DESCRIPTION OF THE TASK: Your task is to extract every entry that follows word for word while excluding the pictures.
======== ENTRIES SUPPLIED ========
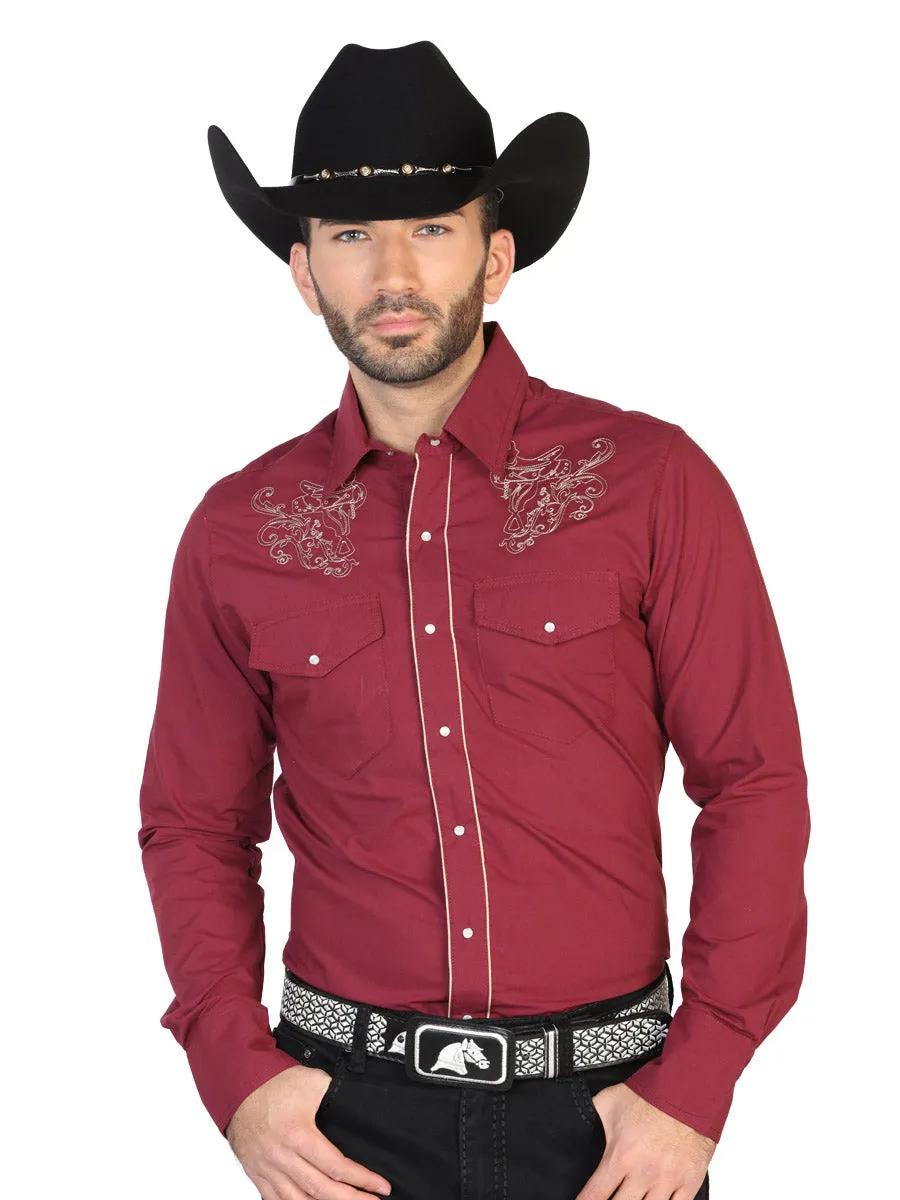 Camisa Vaquera Bordada Manga Larga Burgandy para Hombre 'El Señor de los Cielos' - ID: 42955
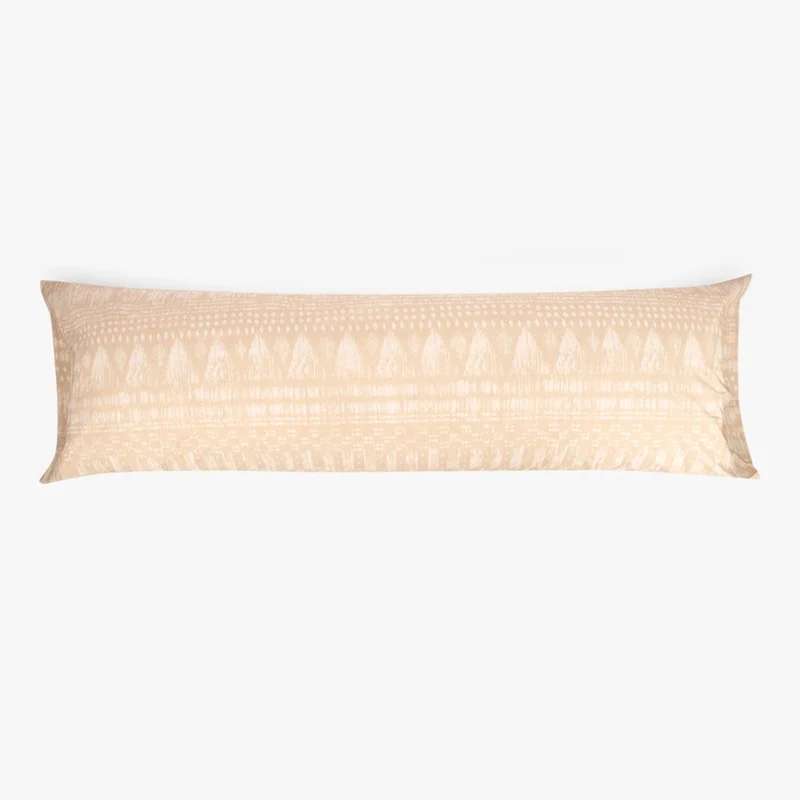 Fronha para Almofada de Dormir Bege e Branco 45x155 TRIBAL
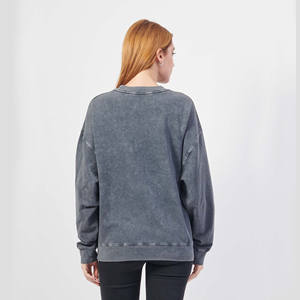 Vente en gros femmes blanc lavage goutte épaule sweat lourd détresse surdimensionné acide Vintage lavage à capuche pour les femmes - Product Image 4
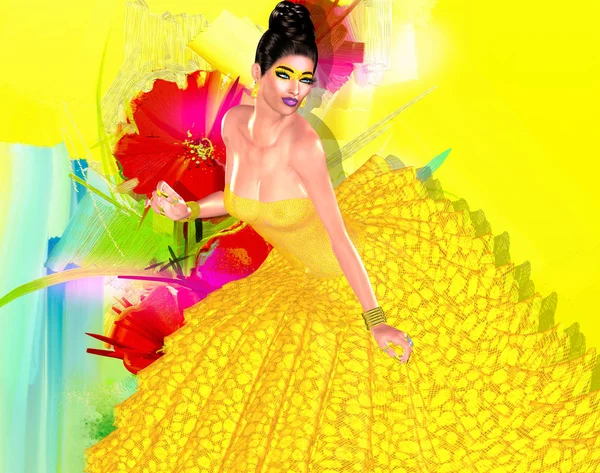 Vestido Amarillo Brillante Fondo Floral Preparan Escenario Para Esta Escena — Foto de Stock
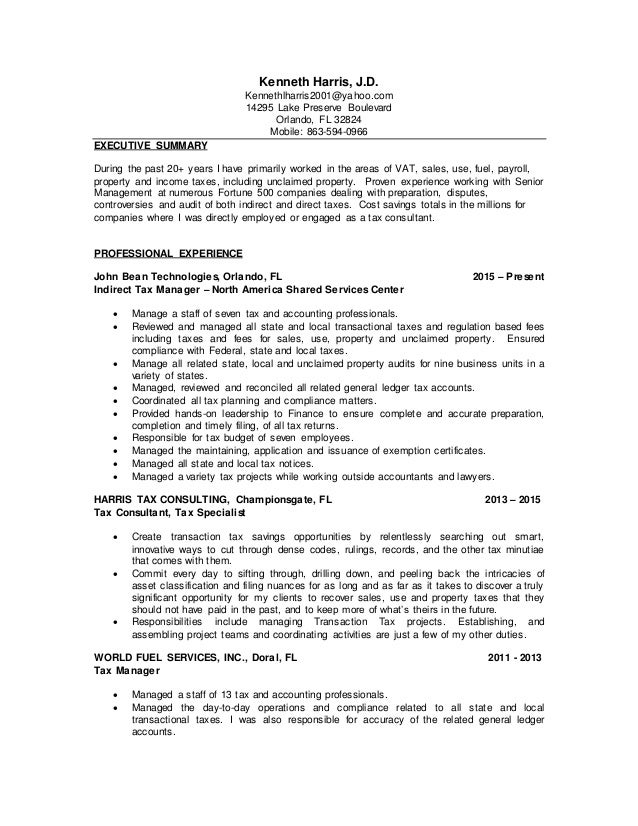 ken harris resume tax specialist resume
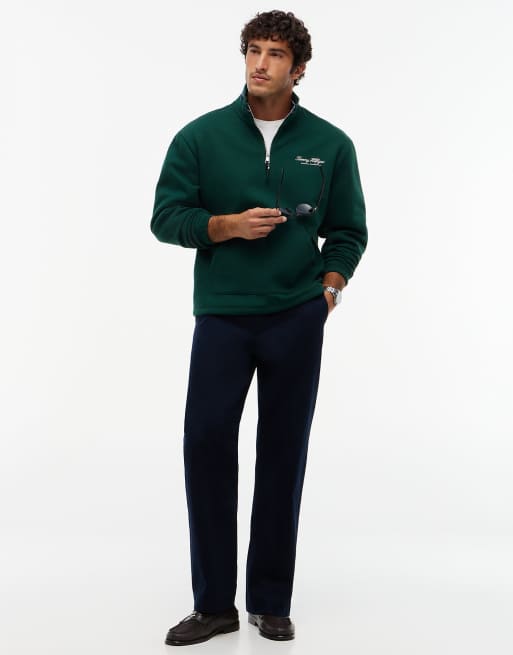 Tommy Hilfiger Drawstring hem relaxed quarter-zip sweatshirt in nocturnal green, 2 of 6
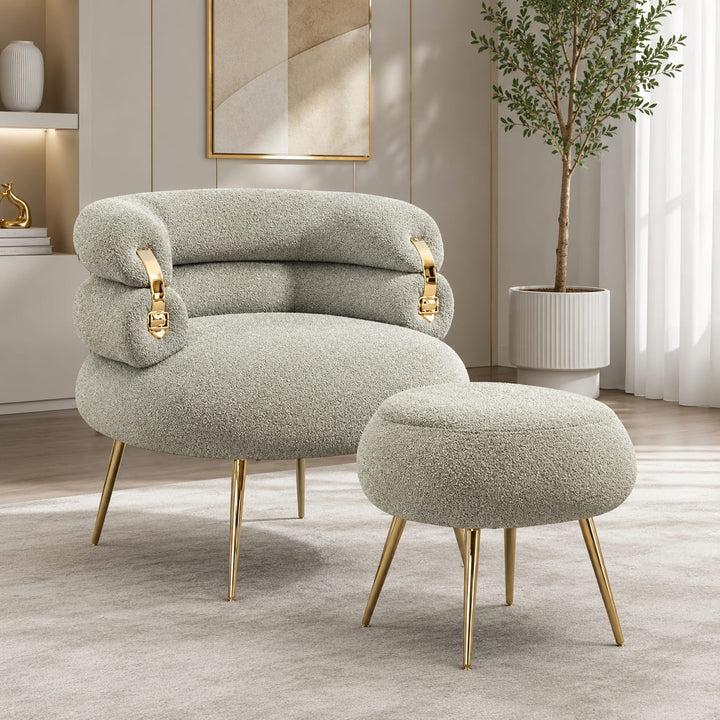 Ariah Upholstered Tufted Armchair With Footstool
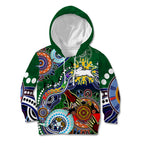 Personalised Rabbitohs NAIDOC Week 2024 Kid Hoodie Australia Aboriginal Dot Painting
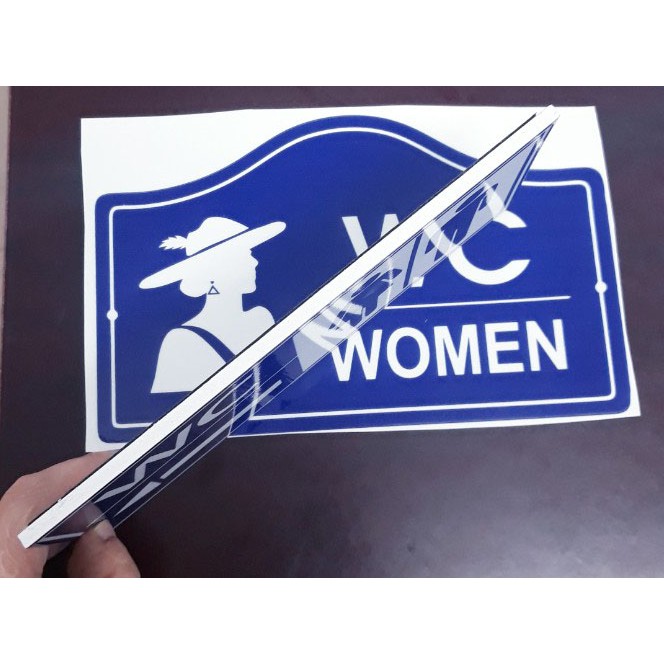 (Chọn mẫu) Biển báo WC, decan dán fomec 3mm WC Nam Nữ (Toilet woman/men) KT 20 x 10 cm, nhận gia công số lượng lớn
========
OUTPUT OF THE EXERCISE:
 Camisa Vaquera Bordada Manga Larga Burgandy para Hombre 'El Señor de los Cielos' - ID: 42955
 Fronha para Almofada de Dormir Bege e Branco 45x155 TRIBAL
 Vente en gros femmes blanc lavage goutte épaule sweat lourd détresse surdimensionné acide Vintage lavage à capuche pour les femmes - Product Image 4
 Vestido Amarillo Brillante Fondo Floral Preparan Escenario Para Esta Escena — Foto de Stock
 ken harris resume tax specialist resume
 Tommy Hilfiger Drawstring hem relaxed quarter-zip sweatshirt in nocturnal green, 2 of 6
 Ariah Upholstered Tufted Armchair With Footstool
 Personalised Rabbitohs NAIDOC Week 2024 Kid Hoodie Australia Aboriginal Dot Painting
 (Chọn mẫu) Biển báo WC, decan dán fomec 3mm WC Nam Nữ (Toilet woman/men) KT 20 x 10 cm, nhận gia công số lượng lớn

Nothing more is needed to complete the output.